Om op zoek te gaan naar aanvullend onderzoeksmateriaal is de Hubble-ruimtetelescoop toch een ideaal instrument?

 

Dat is zo, maar om met de Hubble te kunnen werken is het nodig een project in te dienen waarbij je specificeert wanneer en voor hoe lang je welke objecten wil waarnemen met welke instrumenten van de ruimtetelescoop. Meestal is de overvraagfactor bij de Hubble-ruimtetelescoop zeven tot tien. Aangezien je dus feitelijk maar één kans op zeven hebt om effectief te kunnen waarnemen, is het nodig je project heel goed uit te leggen. Dan komt er een commissie samen die onderverdeeld is in subcommissies al naargelang het onderzoeksdomein: kosmologie, galactisch of stellair onderzoek en onderzoek i.v.m. objecten uit ons eigen zonnestelsel. Alle studievoorstellen of proposals worden gelezen en gerangschikt en uiteindelijk krijgen de beste proposals waarneemtijd toegewezen. Een dergelijk protocol geldt overigens voor alle grote telescopen en observatoria.

 

Speelt nationaliteit hierbij een rol?

 

In principe gelden er louter wetenschappelijke criteria bij het toewijzen van de verschillende projecten. Maar natuurlijk zijn al die commissieleden ook maar mensen, elk met hun eigen voorkeur. En misschien hebben zij sommige dingen gewoonweg niet goed begrepen, zodat zij bepaalde proposals minder goed rangschikken dan ze eigenlijk wel verdienen. Eens je waarneemtijd hebt gekregen en je project ten slotte gerealiseerd is, heb je een jaar het alleenrecht op de bekomen resultaten. Een jaar lang kan je er dus alleen aan werken. Pas nadien komen die data in het archief terecht en zijn daar vrij te gebruiken voor iedereen die daar geregistreerd is. Ook b.v. bij de observatoria van de ESO zijn de gegevens na een jaar vrij beschikbaar. Er bestaat dus een schat aan informatie in al die archieven, maar het is niet altijd gemakkelijk om precies te weten te komen welke informatie waar zit en hoe je een en ander kunt aanvragen. Een belangrijk Europees project is precies het opbouwen en organiseren van één groot virtueel archief waarin alle astronomische data, afkomstig van ruimtetelescopen en aardse observatoria, voor alle belangstellenden toegankelijk zou zijn. Het project draagt heel toepasselijk als naam ‘Astrophysical Virtual Observatory’.  

 

Is het NASA Astrophysics Data System een vergelijkbaar project?

 

Dat is veeleer een grote bibliografische databank met een enorme verzameling tijdschriftartikelen, conferentieverslagen, NASA-rapporten en proefschriften op het vlak van sterrenkunde, geofysica, natuurkunde en ruimtevaarttechniek.

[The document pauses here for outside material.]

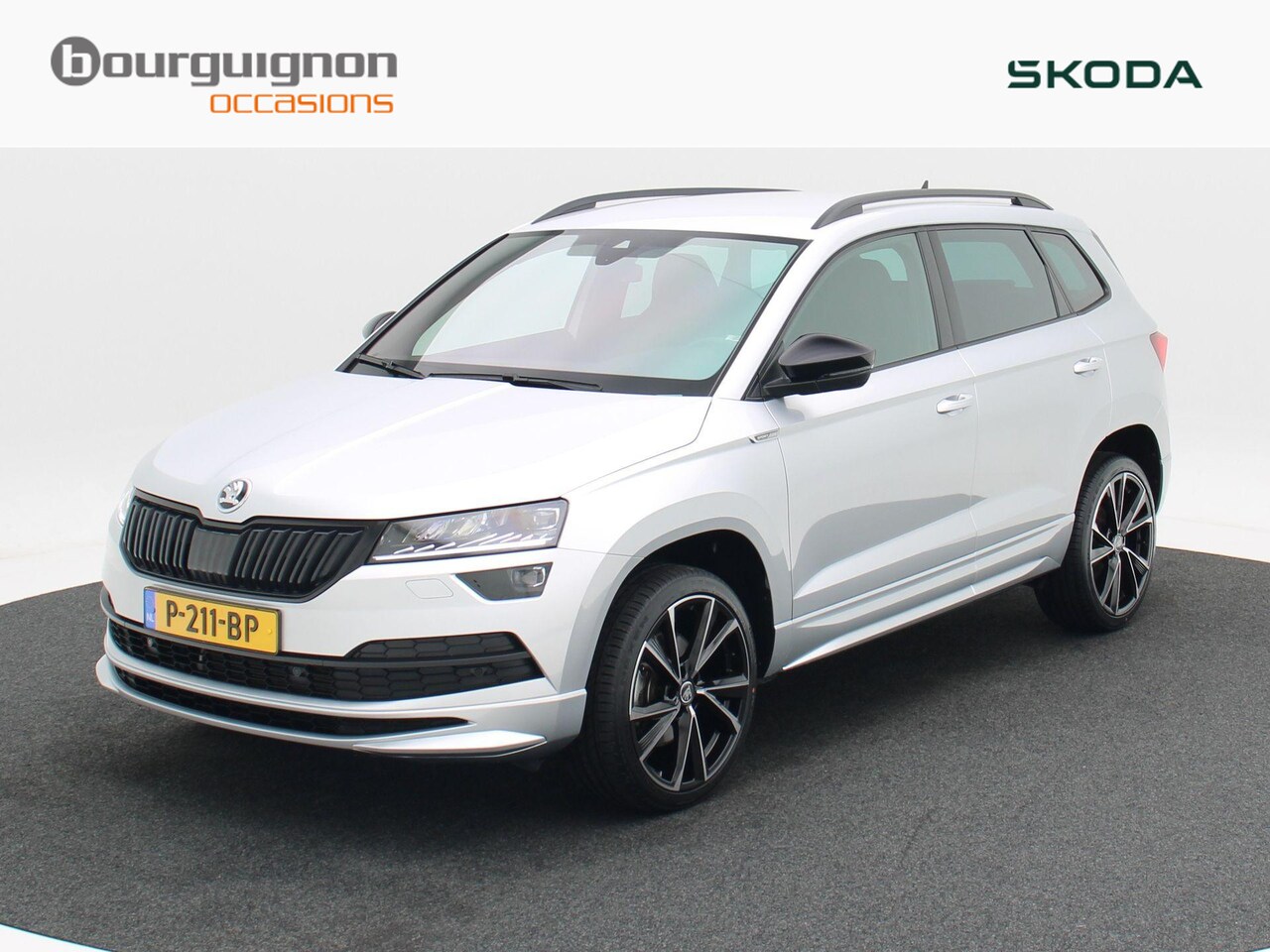 Skoda Karoq - 1.5 TSi 150 Pk Automaat Sportline Business | Trekhaak | Canton Audio | Camera | Adaptive C - AutoWereld.nl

Maar het Internet maakt het de onderzoeker op die manier wel gemakkelijk om heel veel relevante artikels en informatie te vinden. Tik je b.v. in de zoekrobot van de net genoemde databank de naam in van de centrale ster in de Red Rectangle, HD 44179, dan blijkt dat er momenteel liefst 375 artikels daar betrekking op hebben. Je hebt vandaag de dag als sterrenkundige dus zeker geen excuses meer om je vakliteratuur niet te kennen.

Om echt goed op de hoogte te zijn van de meest actuele ontwikkelingen binnen je onderzoeksdomein is het natuurlijk ook nodig  naar conferenties te gaan en collega’s te ontmoeten, hetgeen trouwens een ideale gelegenheid is om je eigen studiewerk kenbaar maken en eventueel te bediscussiëren. Artikels lopen op dat vlak wat achter, omdat het meestal een half jaar of zelfs een heel jaar duurt vooraleer die gepubliceerd raken. Zo’n wetenschappelijk artikel passeert immers langs een referee, zodat er veelal nog opmerkingen en aanvullingen moeten in verwerkt worden. Dan pas kan het uiteindelijk gepubliceerd worden in een van de vaktijdschriften.

 

Ten slotte nog enkele vraagjes i.v.m. de Mercator-telescoop. Hoe vlot het onderzoek met jullie prachtige instrument op La Palma? 

 

Wat we daar doen is voornamelijk onderzoek naar variabele sterren. De variabiliteit van sterren kan ons heel wat leren over de inwendige structuur ervan. Vergelijk het met de toestand op Aarde waarbij seismologen ook allerlei interessants aan de weet komen over de opbouw van onze planeet door het bestuderen van trillingen en bevingen van de aardkorst. Het onderzoek dat we verrichten met de Mercator-telescoop is gefocust op sterren die pulseren met heel veel verschillende tussenperiodes over een vrij lange basisperiode. Het duurt dus wel even eer we alle meetgegevens aan elkaar gelinkt hebben om het heel sterspectrum te kunnen analyseren. We hebben met andere woorden een hele periode nodig van continue en uiterst nauwkeurige waarnemingen om dat alles goed te kunnen bestuderen.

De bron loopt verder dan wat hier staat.